Matrix[[Vector[1, 0], Vector[0, 1]], [2, 3]].laplace_expansion(0, :row)
=> Vector[3, -2]

And, this patch is needed in https://bugs.ruby-lang.org/issues/10074.

gogo.

#2 Updated by Hiroshi SHIBATA 9 months ago

  • Assignee set to Marc-Andre Lafortune
  • Target version set to current: 2.2.0
  • Category set to lib

#3 Updated by Hiroshi SHIBATA 9 months ago

  • Status changed from Open to Assigned

#4 Updated by Marc-Andre Lafortune 7 months ago

Looks good.

I'd change the interface slightly so we can call it with named parameters instead:

m.laplace_expansion(row: k-1) == m.laplace_expansion(column: k-1) == m.det

Of course, m.laplace_expansion or m.laplace_expansion(row: 0, column: 0) would raise errors.

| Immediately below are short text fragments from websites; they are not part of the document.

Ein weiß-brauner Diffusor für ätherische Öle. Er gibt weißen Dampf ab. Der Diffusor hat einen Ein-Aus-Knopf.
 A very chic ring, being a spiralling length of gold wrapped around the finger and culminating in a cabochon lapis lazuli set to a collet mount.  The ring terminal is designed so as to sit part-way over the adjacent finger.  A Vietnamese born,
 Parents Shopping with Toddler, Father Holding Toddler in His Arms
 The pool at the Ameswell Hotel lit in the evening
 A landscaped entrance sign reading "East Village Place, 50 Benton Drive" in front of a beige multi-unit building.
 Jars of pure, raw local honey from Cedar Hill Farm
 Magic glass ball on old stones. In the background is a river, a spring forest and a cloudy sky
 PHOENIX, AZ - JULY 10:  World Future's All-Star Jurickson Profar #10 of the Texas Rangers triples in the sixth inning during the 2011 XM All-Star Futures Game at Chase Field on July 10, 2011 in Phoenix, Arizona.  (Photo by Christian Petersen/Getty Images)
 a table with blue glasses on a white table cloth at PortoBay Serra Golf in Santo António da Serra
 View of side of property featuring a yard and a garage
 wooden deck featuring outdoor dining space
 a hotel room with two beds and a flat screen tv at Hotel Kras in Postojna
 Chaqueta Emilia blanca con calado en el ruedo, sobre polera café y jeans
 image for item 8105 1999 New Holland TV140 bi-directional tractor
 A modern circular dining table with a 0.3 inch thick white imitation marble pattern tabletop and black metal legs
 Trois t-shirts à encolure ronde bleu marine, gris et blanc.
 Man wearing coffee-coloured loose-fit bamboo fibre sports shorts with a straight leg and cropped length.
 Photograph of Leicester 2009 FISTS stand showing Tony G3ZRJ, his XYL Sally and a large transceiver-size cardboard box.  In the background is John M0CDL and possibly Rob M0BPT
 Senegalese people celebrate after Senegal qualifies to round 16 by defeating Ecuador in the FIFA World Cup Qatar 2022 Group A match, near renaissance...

@gogo tanaka: what do you think about this?

#5 Updated by gogo tanaka 7 months ago

@Marc-Andre Lafortune

Thank you very much for responding.

m.laplace_expansion(row: k-1) == m.laplace_expansion(column: k-1) == m.det

The interface you suggested is really make sense for me.

OK, Let me handle this.

#6 Updated by Marc-Andre Lafortune 7 months ago

Just to be clear: you'd like me to wait for an updated patch, or should I make the small changes myself?

#7 Updated by gogo tanaka 7 months ago

Sorry, I should make that be clear.

OK, I'll update patch. Please wait for some time.

#8 Updated by gogo tanaka 7 months ago

@Marc-Andre Lafortune

Thank you for your great proposal.

#9 Updated by Marc-Andre Lafortune 7 months ago

  • Status changed from Assigned to Closed

Great, thanks for the updated patch.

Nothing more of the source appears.